TERRE HAUTE — The concept of the season in college basketball has been turned on its head since the NCAA changed rules governing player-coach interaction prior to the 2012-13 season.
In the past, coaches would get a bit of individual workout time between the end of one season and the beginning of October practice for the next, but formal contact was forbidden.
Now? Coaches and players can work together in short increments throughout most of the old offseason. When it comes to Indiana State’s 2012-13 season, the time spent together has been even more frequent.
Because of ISU’s August 2012 Bahamas trip, the Sycamores were able to practice for two weeks prior to the trip.
Coach Greg Lansing wouldn’t trade the time he’s had with the Sycamores, but the unintended side effect is that the team has spent nine months together with little in the way of a break.
After ISU was eliminated in the Missouri Valley Conference Tournament on March 9, Lansing did what he could to give the Sycamores a much-needed break. Lansing gave the team five days off. Practice only resumed last Friday.
“I’m hoping [the rest] is very beneficial. We lost our legs and our bodies got beat down. We got broken down physically and mentally. We haven’t had a break and you get fatigued,” said Lansing, who said throughout ISU’s late-February struggles that fatigue was adversely affecting the team.
ISU has returned to practice with the hope of being chosen for the National Invitation Tournament. Pairings are to be announced at 9 p.m. tonight and will be broadcast on ESPNU.
Lansing is hoping the rest he gave the Sycamores will be helpful if ISU was to get a NIT bid. It’s not just physical rest either. In the course of a long season, it’s natural that players and coaches need a break from each other too.

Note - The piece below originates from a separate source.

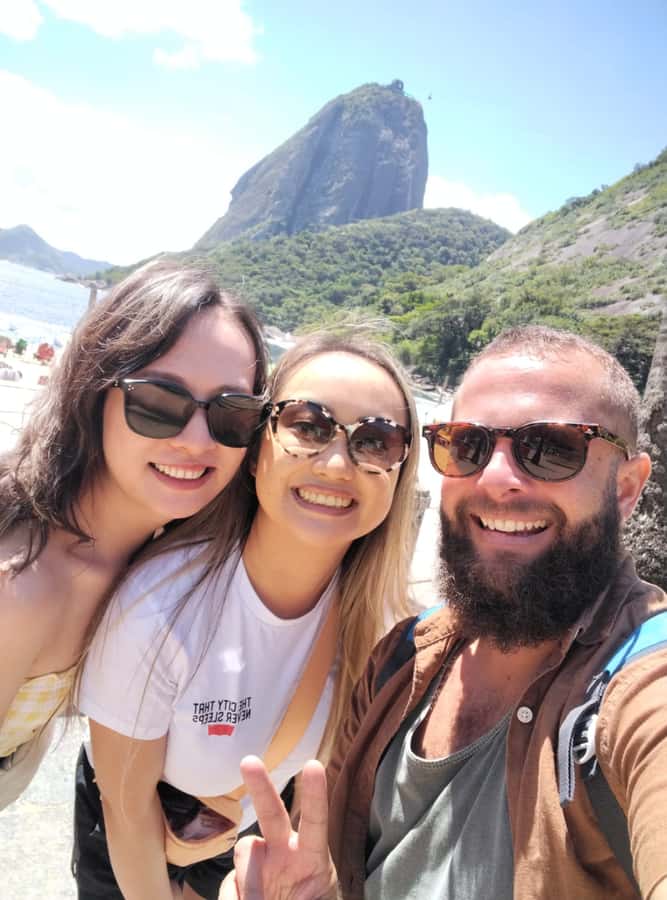 Rio de Janeiro: Private Customizable City Highlights Tour - Is $215 per person good value?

“I think that can happen. I think the players are always going to be together. Our chemistry is great, but they might be tired of hearing the coach say the same thing all the time. It doesn’t make them bad kids or teammates, it just happens,” Lansing said.
Lansing noted that the season was particularly hard on ISU’s six first-year players as well as young veterans like Justin Gant and Jake Kitchell, who saw their minutes increase substantially in their sophomore seasons.
“You look at some of our statistics … Justin gave us a lot, but his stats dropped off significantly late in the season. All of those young guys — Khristian [Smith], Devonte [Brown], Dawon [Cummings] — none of them have had to go through 30-plus games,” Lansing noted.
ISU (18-14) is considered to a bubble team as far as NIT selection is concerned. Since the NCAA took over the NIT in 2005, the 32-team tournament has garnered wider acceptance, but has also changed some of its rules for selection.
One rule that significantly impacts ISU’s potential entry is that the regular-season champion of a conference is guaranteed a spot in the NIT field if it isn’t chosen for the NCAA Tournament. As of press time, there could be anywhere from 10 to 12 regular-season champions that could be NIT-bound.
Working in ISU’s favor is its RPI rank of 70 and its strong nonconference strength of schedule, which includes victories over expected NCAA participants Miami, Wichita State, Creighton and Iona. Working against ISU is its 2-6 finish and competition from fellow MVC schools Northern Iowa, Evansville and Illinois State.
The Panthers and Purple Aces are also 18-14. The Redbirds are 18-15. UNI’s RPI and strength of schedule are also strong and the Panthers are expected to make the field. Illinois State finished stronger than ISU, but the Redbirds are 115th in the RPI and have a weak nonconference schedule. Evansville — beaten twice by ISU — is considered to be a long shot.
“I think it would be great [to be chosen]. We haven’t played in the NIT since [Larry] Bird was a junior. Our goal every year is to play in the NCAA tournament, but the NIT is going to be very good,” Lansing said.
What do Lansing’s tea leaves tell him?
“I’ve been told we have a chance. I’ve stayed in close contact with [MVC commissioner Doug Elgin] and we know people on the committee,” Lansing said.
If ISU isn’t chosen for the NIT, the College Basketball Invitational and CollegeInsider.com Tournament are options, but Lansing did not confirm that either have been contacted as a NIT backup plan.
“Both of those other tournaments want us, but we can’t make a commitment until we know about the NIT. It’s something Mr. [Ron] Prettyman [ISU Director of Athletics] and our staff have talked about,” Lansing said.